В те же годы я написал диссертацию и защитил ее.
После войны, хотя Евгений Петров умер, члены редколлегии «Огонька» тепло встретили меня и охотно стали публиковать мои новые юмористические рассказы. Однако к этому времени я уже погрузился в драматургию. Писал пьесы одну за другой и ходил с ними по театрам. Пока, наконец не пробился на сцену театра имени Маяковского, с пьесой «Директор», — ее поставил и оформил Николай Павлович Акимов.
А Зоя родила сына, назвали Женей. Мальчик рос, забот хватало. Но «Директор» пошел широко, и это давало существенное подспорье.
Однако в стране в это время развернулась антисемитская кампания, которую назвали борьбой с космополитизмом.

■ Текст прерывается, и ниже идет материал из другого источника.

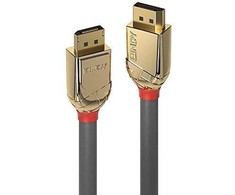 DisplayPort kabelis - LINDY Gold Line DisplayPort 1.4 kabelis, M/M, 1 m, Pilkas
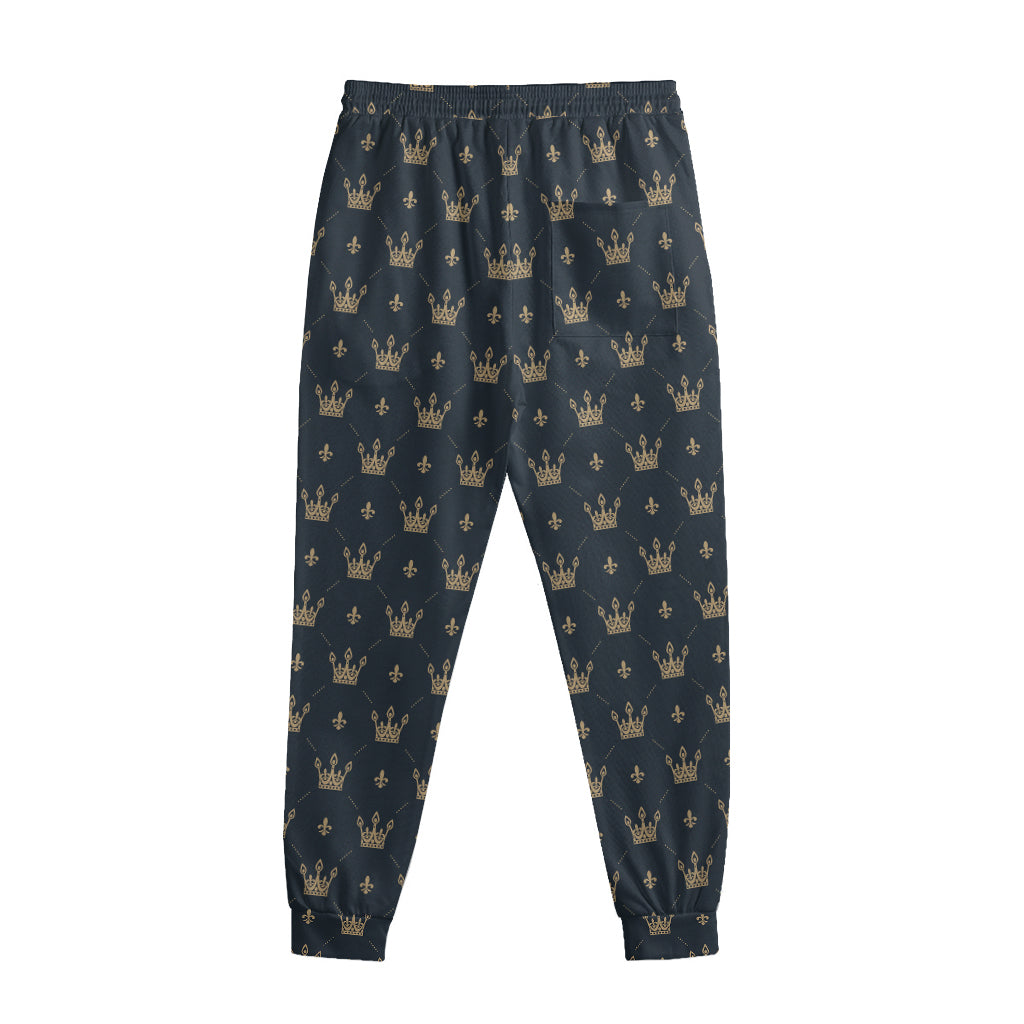 Vintage Crown Pattern Print Sweatpants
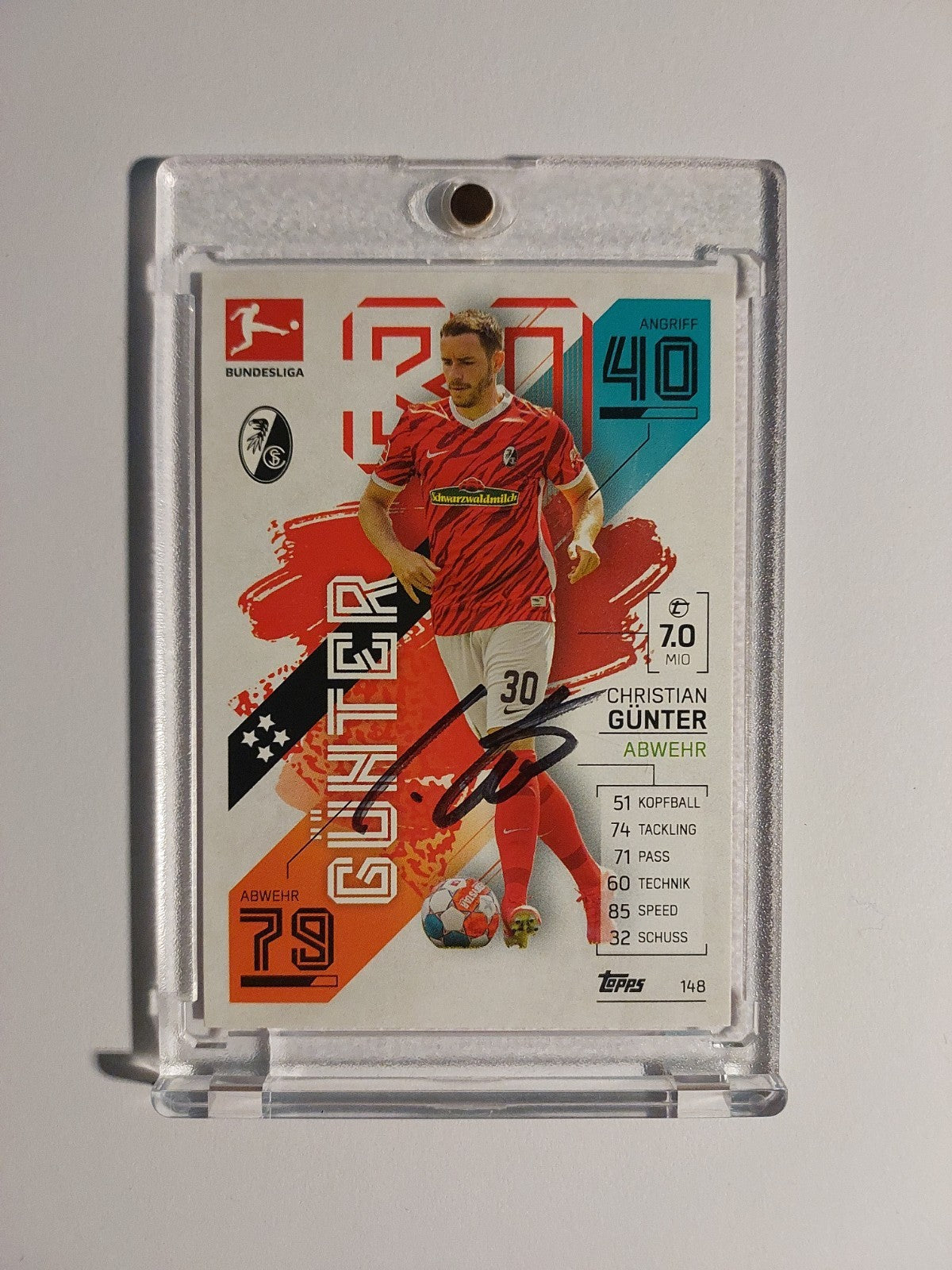 Topps Bundesliga 2021-22 Christian Günter On Card Auto SC Freiburg Rare Parallel – Bild 1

Откликнулось на кампанию и руководство НАТИ — стали увольнять евреев, одного за другим. Хотели моими руками уволить из моей лаборатории техника Любовь Моисеевну Вильнер, якобы в связи с необходимостью сократить расходы. И хотя я им предложил вместо нее другого сотрудника из моей же лаборатории, русского инженера с большим, чем у Вильнер окладом (стукача и бездельника), они наотрез отказались — подавай им Вильнер и все. Тогда я пошел на неожиданный для них шаг: сам подал заявление об уходе, раз ко мне не прислушиваются. А экономия в средствах, сказал я, будет еще больше. И хотя на меня, как на руководителя лаборатории, увольнение не распространялось, им пришлось мое заявление подписать.
Итак, с начала 1952 года я покинул Институт и отправился в свободное плавание...
17.10.1999-31.01.2001
НИКОЛАЙ АКИМОВ
Рецепты мэтра комедии
Перебирая свои беглые заметки, я вижу, что мысль написать об Акимове приходила мне в голову неоднократно. Есть ощущение вины — надо бы это сделать раньше. Но такова ущербная сторона нашей жизни, что мы много истинно значительного пропускаем мимо, тратя единственное отпущенное нам судьбой время на то, что не имеет подлинной ценности.